An Artist Suing Meow Wolf for $1 Million Is on the Hook to Pay the Experiential Art Giant’s Legal Fees
Lauren Adele Oliver will have to cover Meow Wolf's legal costs for two motions filed regarding her mass deletion of emails.
As Lauren Adele Oliver’s nearly three-year legal battle with art entertainment giant Meow Wolf continues, a New Mexico federal judge has issued an order granting sanctions against the artist, who will have to pay the legal fees for two motions filed by the popular purveyor of immersive art experiences.
Oliver sued Meow Wolf in March 2020 over the copyright of her sculpture Space Owl. The towering furry figure is the centerpiece of her climate-change themed installation Ice Station Quellette at Meow Wolf’s flagship exhibition, “House of Eternal Return,” which opened in Santa Fe to widespread acclaim in 2016.
Meow Wolf allegedly promised Oliver an “artist revenue share” for her work as part of what was then considered an art collective. She says she was only paid $2,000, even though the company went on to raise millions from investors, eventually expanding to Las Vegas and Denver.
Last week, Judge Steven C. Yarbrough ruled that should the case be heard by a jury, Meow Wolf will be allowed to bring evidence that Oliver had deleted five years of email correspondence prior to initiating litigation, Courthouse News reported. Previously, Khalsa had denied the company’s motion to issue sanctions on the matter, ruling that Oliver had not been planning to sue Meow Wolf when she deleted the messages in July 2018.
But Meow Wolf’s legal team discovered new evidence that made Khalsa change her mind. A day before the mass deletion, Oliver had sent a text message asking for someone to help her find a “big gun” attorney who would help her secure a better deal with Meow Wolf.
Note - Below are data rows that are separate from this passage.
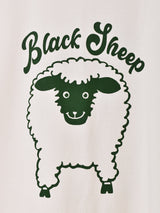 【2色展開】 プリント リンガーTシャツ「Black Sheep」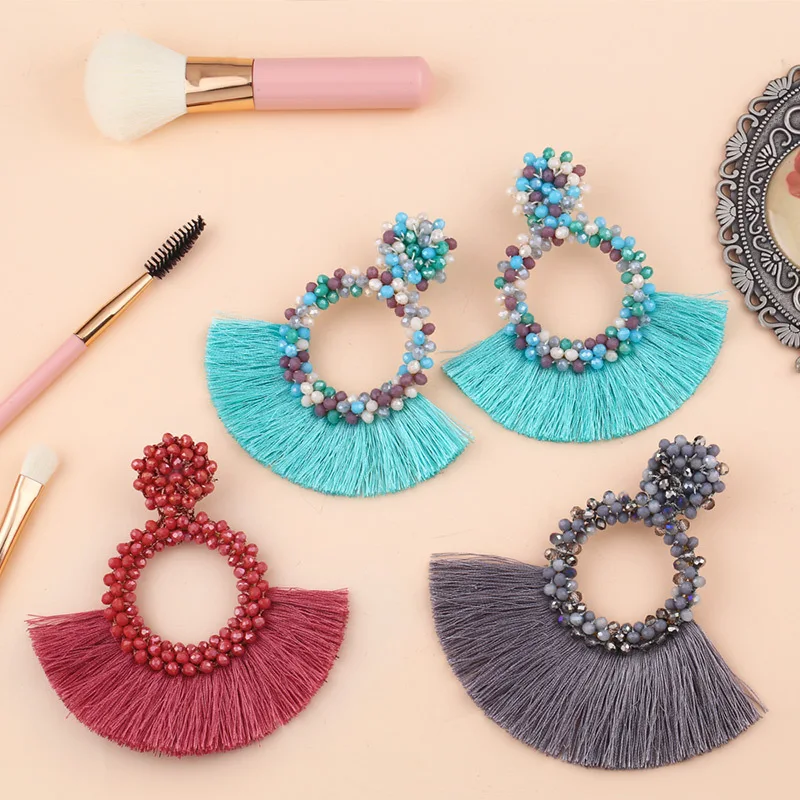 New Valentine's Day Earring Bohemian Fashion Irregular Fringed Earrings Red Beaded Long Tassel Earring Woman Dangle Boho Jewelry
New Valentine's Day Earring Bohemian Fashion Irregular Fringed Earrings Red Beaded Long Tassel Earring Woman Dangle Boho Jewelry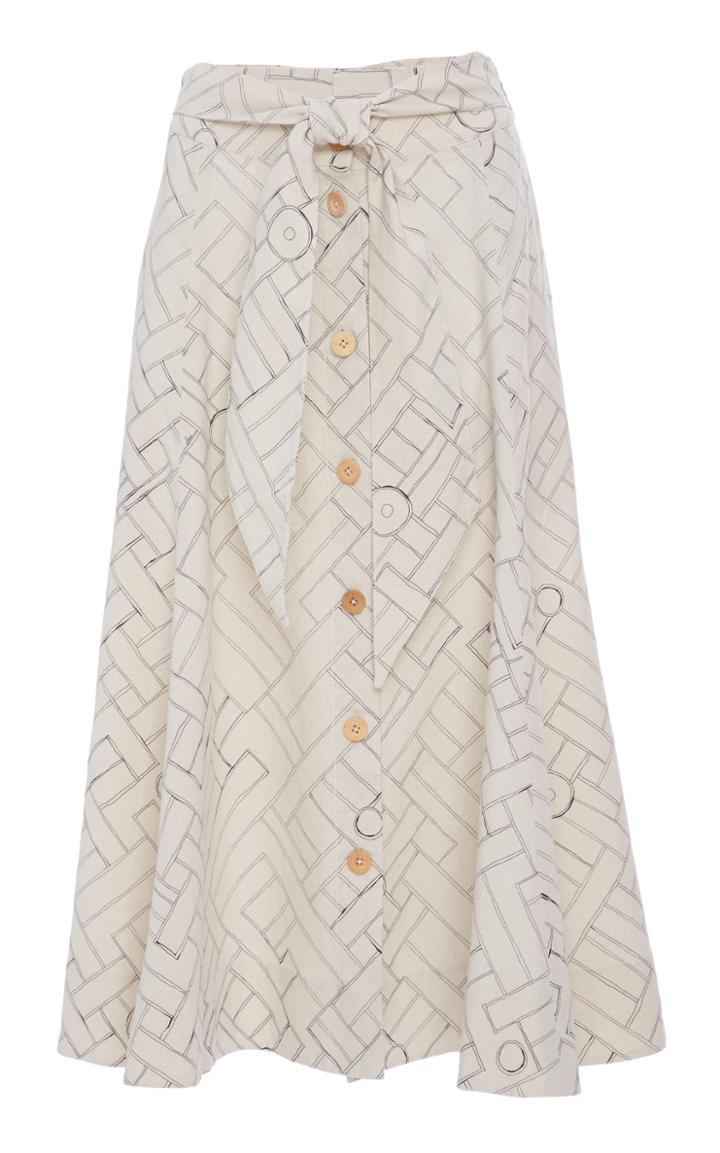 Sissa Gabriela Button Midi Skirt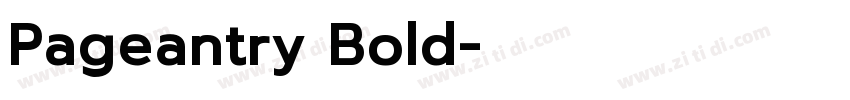 Pageantry Bold字体转换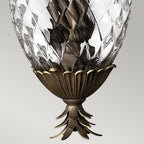 Plantation Decorative 4 Light Ceiling Pendant In Pearl Bronze Finish HK-PLANT4-P-PZ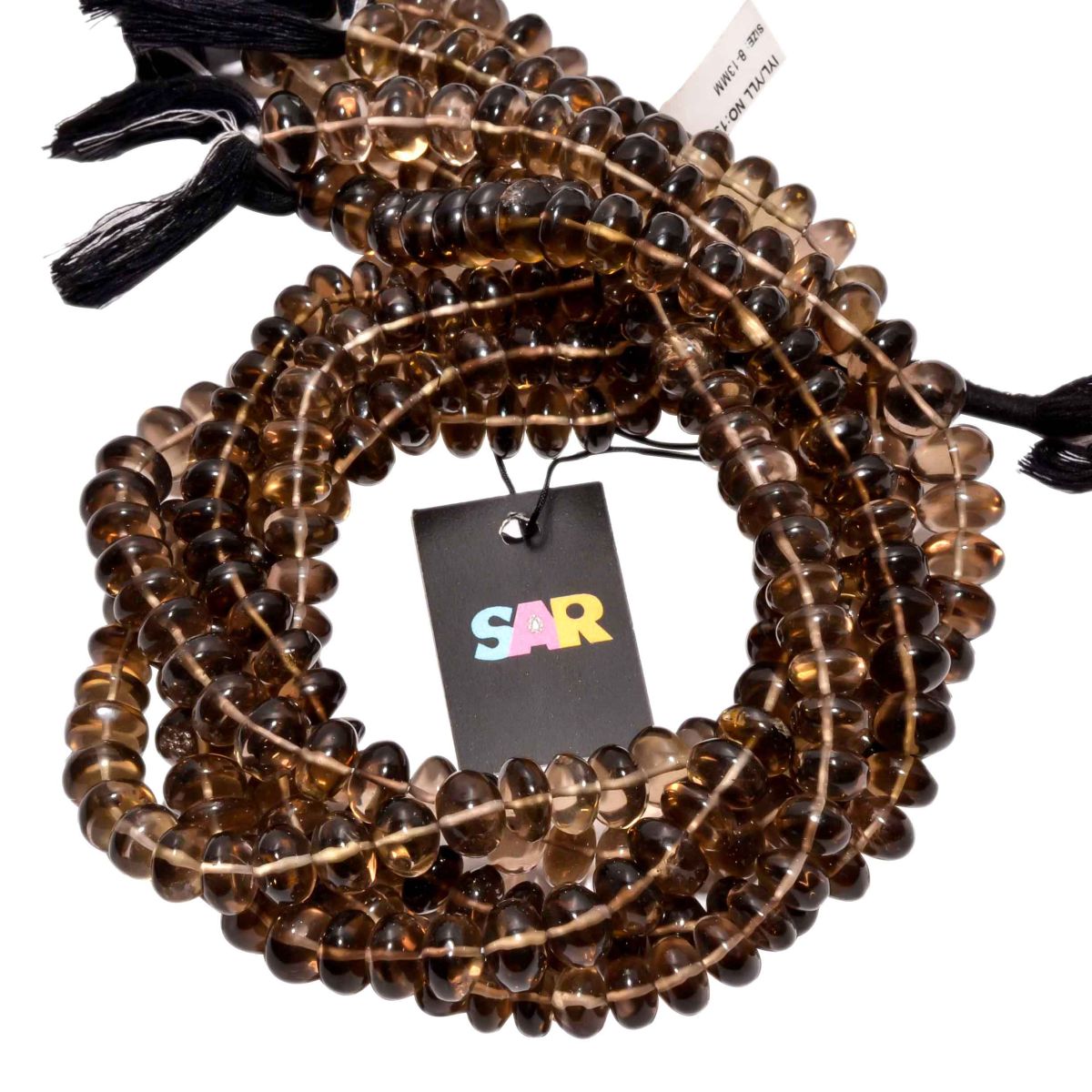 Smoky Quartz 11mm Smooth Roundel Beads Strand, Semi Precious Stone Beads, Smoky Quartz Beads, Smoky Qurtaz Stone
After reviewing new evidence, Judge Yarbrough ruled that Oliver “acted in bad faith” because “litigation was reasonably foreseeable” given the deteriorating state of her relationship with Meow Wolf.
“The court found the timing of the deletion to be suspicious” as it came at a period of “a rising dispute” surrounding Space Owl, Khalsa wrote. The judge also noted, however, that she was not convinced that the “deleted [emails] contained information that, if discovered, would have harmed [Oliver’s] case.”
Oliver claimed she stopped using the email address in 2015, after she learned it had been compromised in a hacking attack perpetrated against her insurance company, Anthem Blue Cross Blue Shield. She set up an auto-response to let contacts know the address was inactive, and conducted almost all of her correspondence with Meow Wolf at a new email account.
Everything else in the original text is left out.